Live from Music Row Tuesday morning on The Tennessee Star Report with Michael Patrick Leahy – broadcast on Nashville’s Talk Radio 98.3 and 1510 WLAC weekdays from 5:00 a.m. to 8:00 a.m. – Leahy was joined in the studio by Tennessee State Senator Kerry Roberts.
During the second hour, Senator Roberts addressed the misconceptions of the current bill that would dismiss mandatory state licensing for several professions in the state of Tennessee. He added that he opposed such legislation and was certain that this “caption” bill would be headed for sub-committee and ultimately be unheard.
Leahy: And we are joined as we always on Tuesday mornings by our good friend, all-star panelist, State Senator Kerry Roberts. Good morning Kerry.
Roberts: Good morning. How are you this morning?
Leahy: Great.

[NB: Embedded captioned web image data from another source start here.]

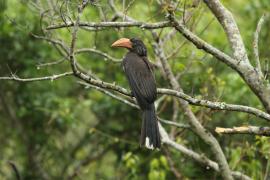 Toko czarnogłowy - Lophoceros alboterminatus - Crowned Hornbill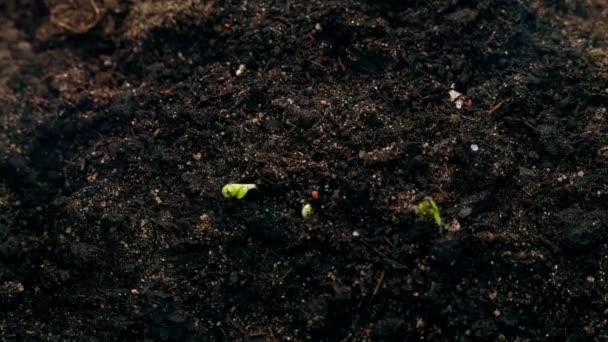 Small green plants growing from soil ground, agriculture concept, new life, spring time lapse — 비디오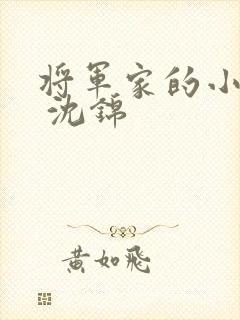 将军家的小娘子 沈锦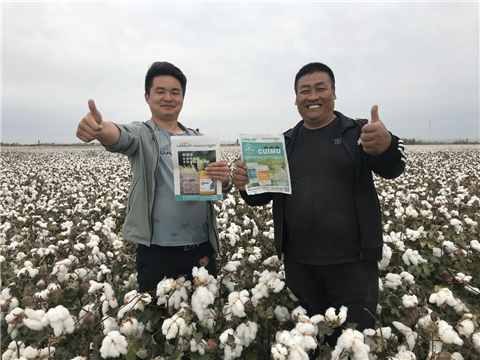 棉花，水溶肥，拉姆拉，翠姆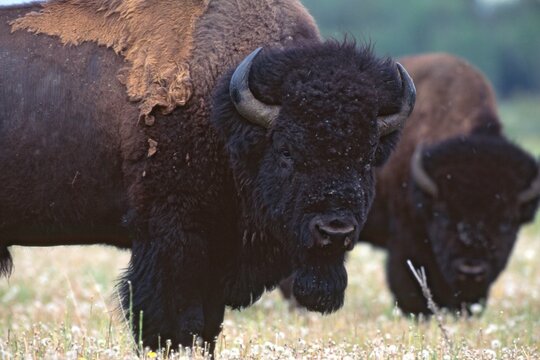 American Buffaloes (Bison bison), Yellowstone National Park, Wyoming, USA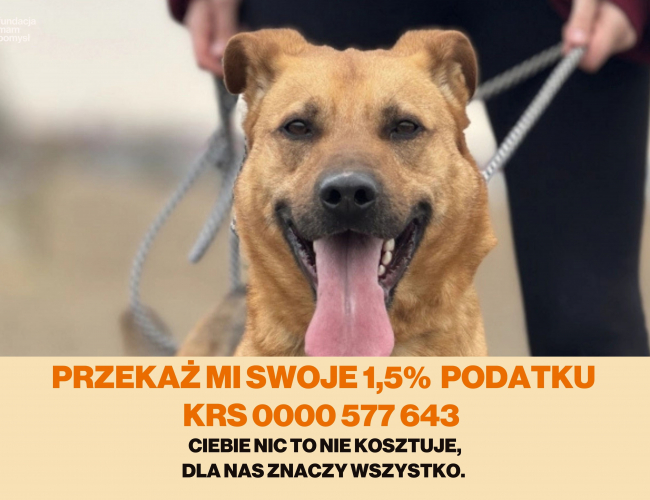DAKAR - pies do adopcji w schronisku świdnica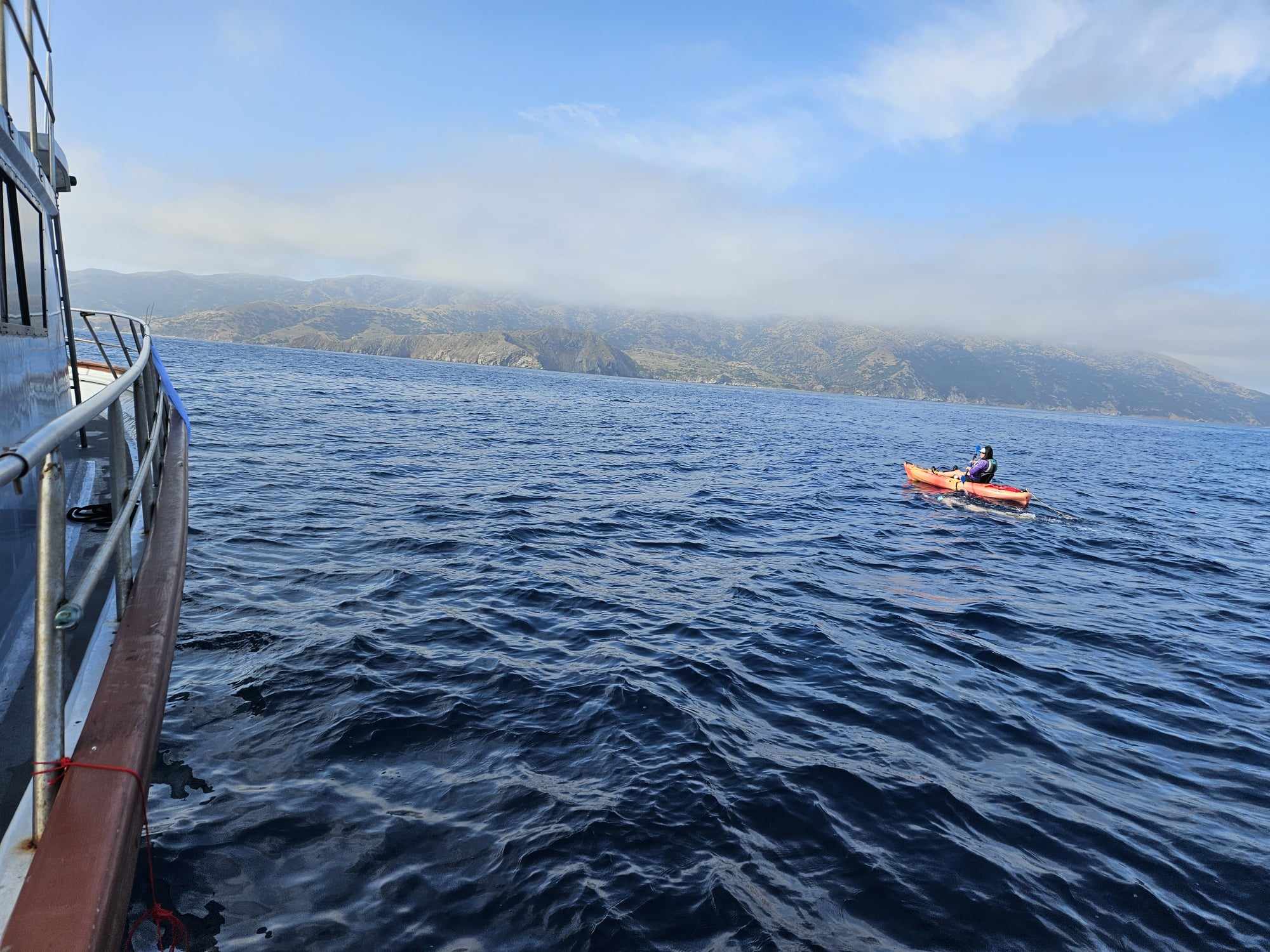 Kabelis podczas płynięcia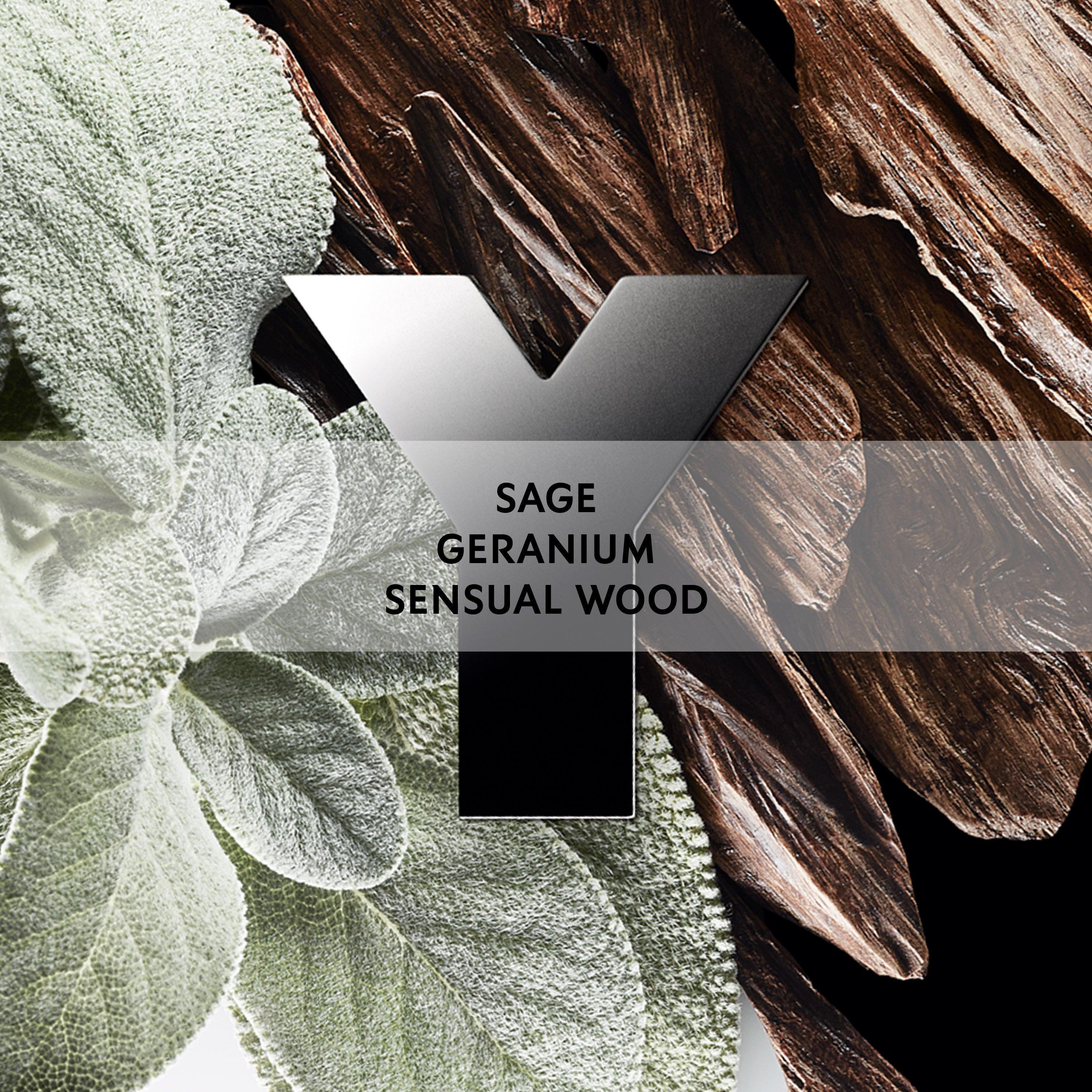 Mist - Yves Saint Laurent - Y Eau De Parfum - 2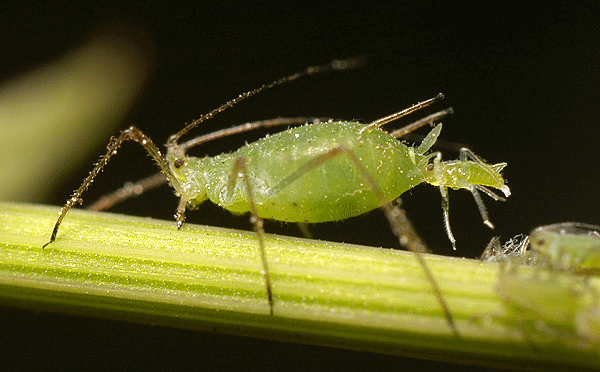 Aphids on marijuana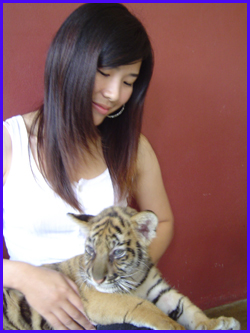Touching the Tiger at Tiger Kingdom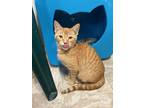 Adopt Javier a Orange or Red Domestic Shorthair / Domestic Shorthair / Mixed cat
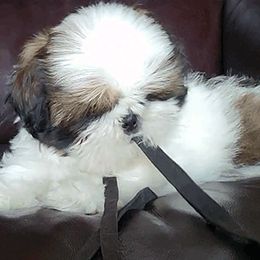 Shih Tzu Puppies from Jazzie Shih Tzu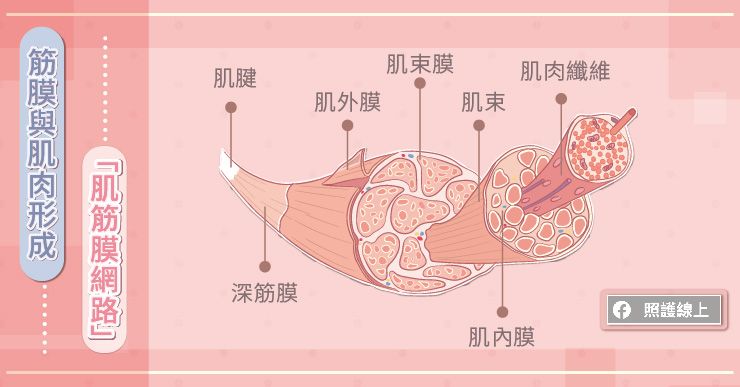 筋膜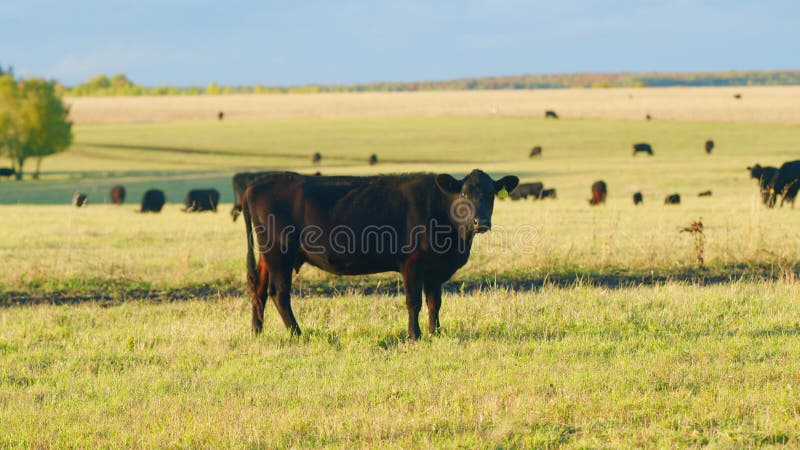 Black angus cattle grazing on a green grass pasture. Grass fed organic beef. Cow in pasture. Static view.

You know, I keep thinking, there are only 33 state senators (Roberts chuckles) and you are one of them and you are here in our studios and available to all of our listening audience who have questions about what’s going on in the Tennessee General Assembly. And you are plugged in.
Roberts: You know, it’s hard because this is the time of the session where it’s hard to figure out everything that’s going on. It’s like the caller earlier that was upset about this bill that said you could operate without a license.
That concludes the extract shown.